Photo "Chestnut" courtesy of olovedog at
This kind of thing happens all the time in denominations. Some perceptive (if unenlightened) person gets it into his or her head that such-and-such a belief is something to be focusing on. The word spreads like wildfire, and soon everyone is all in a dither about it, leaving us vulnerable to be the victims of deception - possibly even harming our spiritual lives in the process. We get our eyes off how the Son shines and gives everything life not only around us, but in us. We focus on the circumstances and base our belief on them instead of what we know to be true. We gad about and spread panic and havoc in our own lives and in the lives of others, over things that really just don't matter at all. 

And we put ourselves in danger. We add to what God says by creating rules and restrictions ... and then judge those who don't do the same. We feel threatened by someone who lives his or her life in liberty without feeling the need to toe the party line.  We judge that person: we like knowing what the rules are and that we're following them, so we limit our own freedom and aren't satisfied until everyone else is as uptight as we are. If they refuse to get uptight, we judge them because we feel threatened by a lack of structure, a lack of control. 

And control is key...  because we like to be in control, to have a say, to not feel at the mercy of something that is bigger and more generous and more powerful than we can imagine. We like to either put limits on it, or put requirements on ourselves to access it.

Such was the case with Eve (yes, Adam's wife.)  She wasn't aware of all the reasons God said not to eat of that fruit. She didn't think about how marvelous was His wonderful love toward her. She just knew the one rule of the Garden: don't eat from the tree of knowledge of good and evil. Eating it would make her "die" - whatever that was - and that didn't sound good. So she felt that she had to add to that rule - and adding to it was her downfall. She figured that in order to not eat the fruit, it would be best not to touch it or to even go near the tree. Eventually she came to believe that even those things were forbidden and carried the same punishment. Along comes Foxy Loxy (the serpent) and says (in essence), "Look. I'm on the tree. I'm touching the fruit. Am I dead?" He planted that seed of doubt - and then came the clincher - "Maybe God's been lying to you all this time. Maybe He's holding out on you." It wasn't so much that Eve was convinced by the serpent; it was that she had allowed herself to get caught up in the trap of swallowing tradition as gospel, and made herself easy pickings for the deceiver.

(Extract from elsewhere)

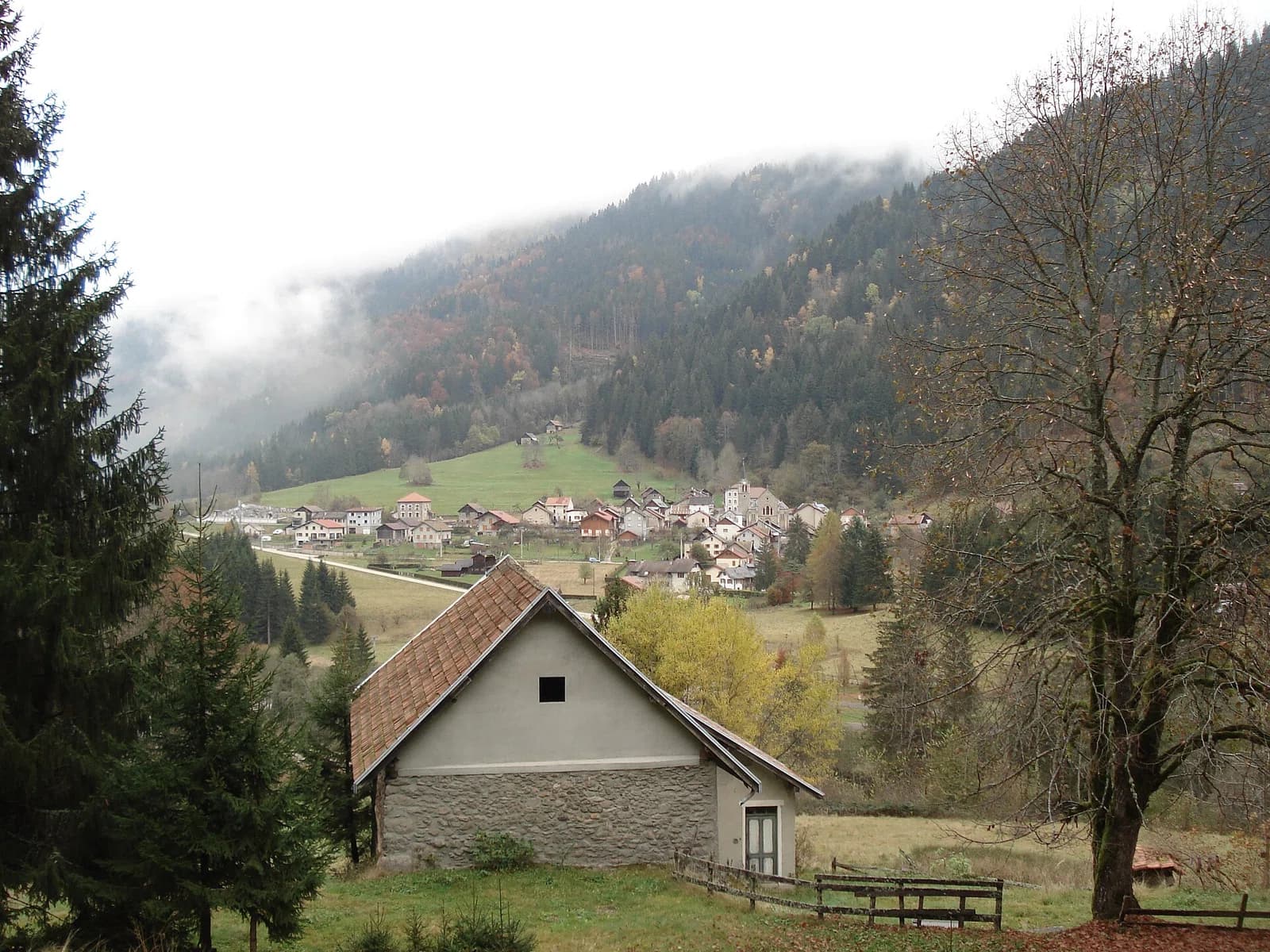La Ferrière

It's no different today.  Just like the Pharisees of Jesus' day whom we all-too-quickly condemn, we add burdens and place restrictions on ourselves and on other believers... and even on unbelievers! I remember hearing one well-seasoned (pickled? stagnated?) believer express amusement at the zeal of a new convert, commenting (in an "isn't that cute" tone) "That's okay, this will pass." (Really?!)  Yet that same believer will be one of the first to sign a petition and/or carry placards when some politician tries to grant equality to all people (even the ones with whose lifestyles we don't agree) calling it an "attack on the sanctity of marriage."  Or object when there are too many "street people" in the church (whatever that means).  Or some such thing.

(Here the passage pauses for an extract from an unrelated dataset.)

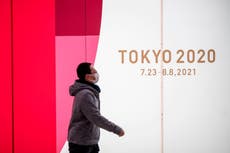 Tokyo Games may be too big a gamble, says disease expert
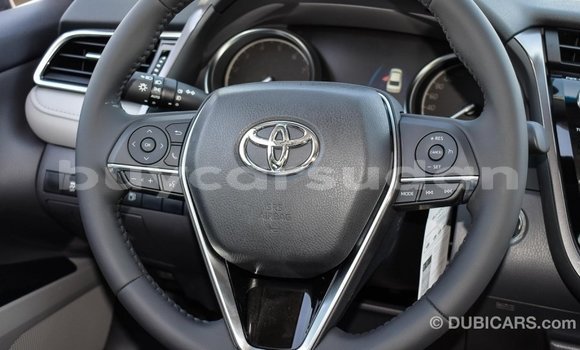 Buy Import Toyota Camry Black Car in Import - Dubai in Al Jazirah State Buy Import Toyota Camry Black Car in Import - Dubai in Al Jazirah State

I was brought up in the church from my infancy. And I've closely and seriously examined the teachings of Jesus ever since I was sixteen years old - nearly forty years ago now. Nowhere, and I mean NOWHERE, did He ever judge or condemn anyone who wasn't religious. Over and over again, He ate with and enjoyed the company of the dregs of society: tax-collectors, prostitutes, even non-Jews (Samaritans, Romans!) and never once did He condemn. He saved His scathing condemnation for those (like the Pharisees and Saducees) who used their religion like a weapon instead of a magnet, or for those who used their power to oppress (like Herod, and even then, only once!) instead of to protect the innocent. His teachings were more about living a quiet life in faith and love, rather than brandishing a spear and shield and tackling political and societal ills like some holier-than-thou Don Quixote. 

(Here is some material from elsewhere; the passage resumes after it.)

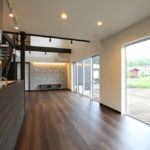 リビングダイニング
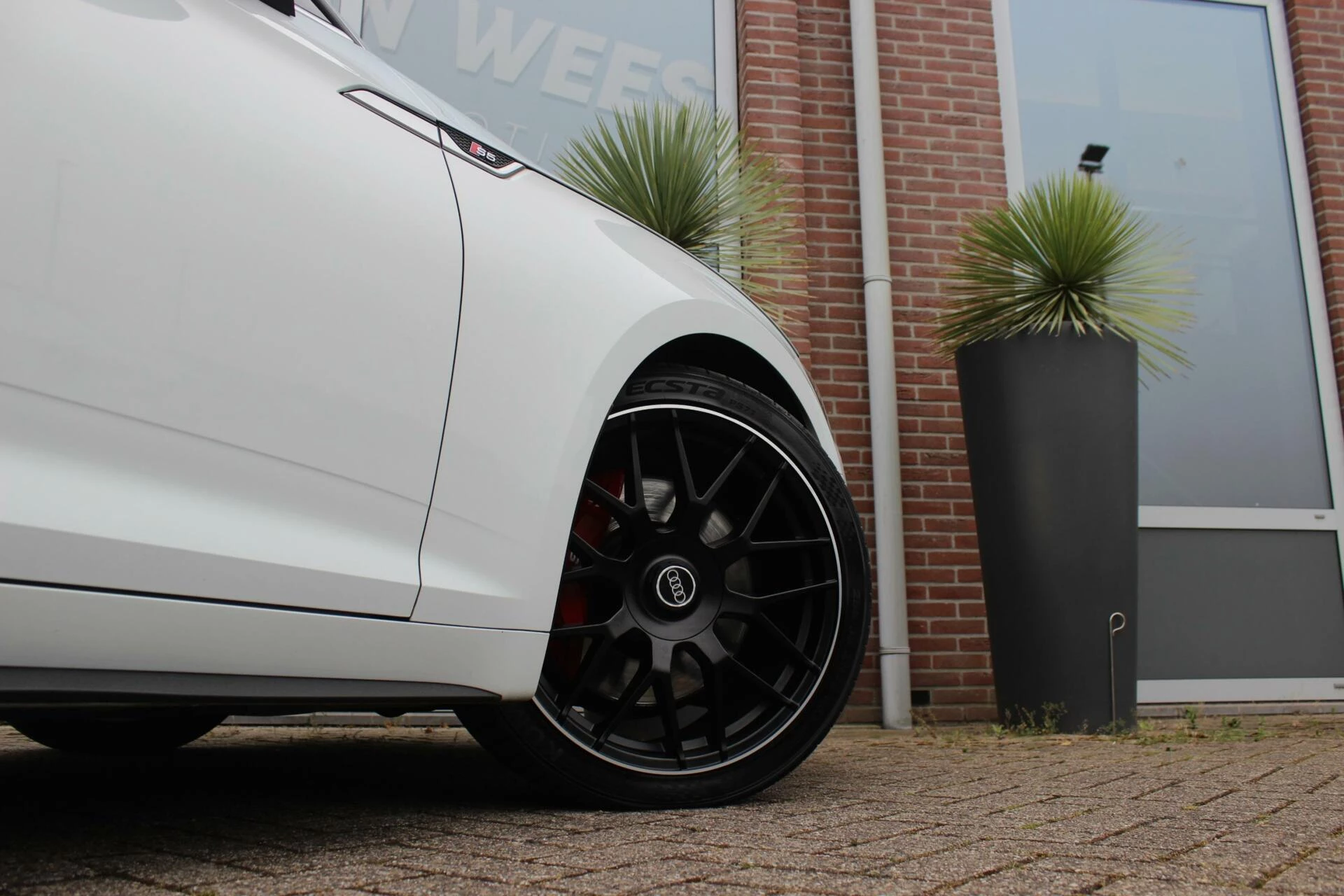 Hoofdafbeelding Audi S5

I've also examined our modern society at some length. We can say all we like about how it is broken and so forth, but it's pretty accepting of most types of people.  However, among the things it can't abide are dogmatism, hypocrisy and elitism - three things the church has historically been famous for, ever since 300 AD. It's one of the top criticisms that unbelievers have about the church. It's probably the main thing that keeps them away by the hundreds.

Photo "Sun In The Sky" by
graur razvan ionut at
We're too busy yelling "The sky is falling!" in their faces ... and - unfortunately - in each other's faces as well. We run all over the place trying to get each other to be concerned and passionate over the same things we are, when God has clearly created each of us different from the other. And we burn ourselves out in the process of our search for sameness. 

We wear ourselves down and worry about keeping hold of things He's already bought and paid for. His yoke is easy and His burden is light - but you'd never know it to look at us. 

Maybe, just maybe, He allowed the acorn to fall from the tree, not to alarm us into trying to convince each other that we're right, or to warn us that we're doing something wrong, but so that we'd think to look up to the Giver of all things, realize that He is right here with us and loving us. Maybe we'd figure out that the Son is still shining, and just say "Thank You."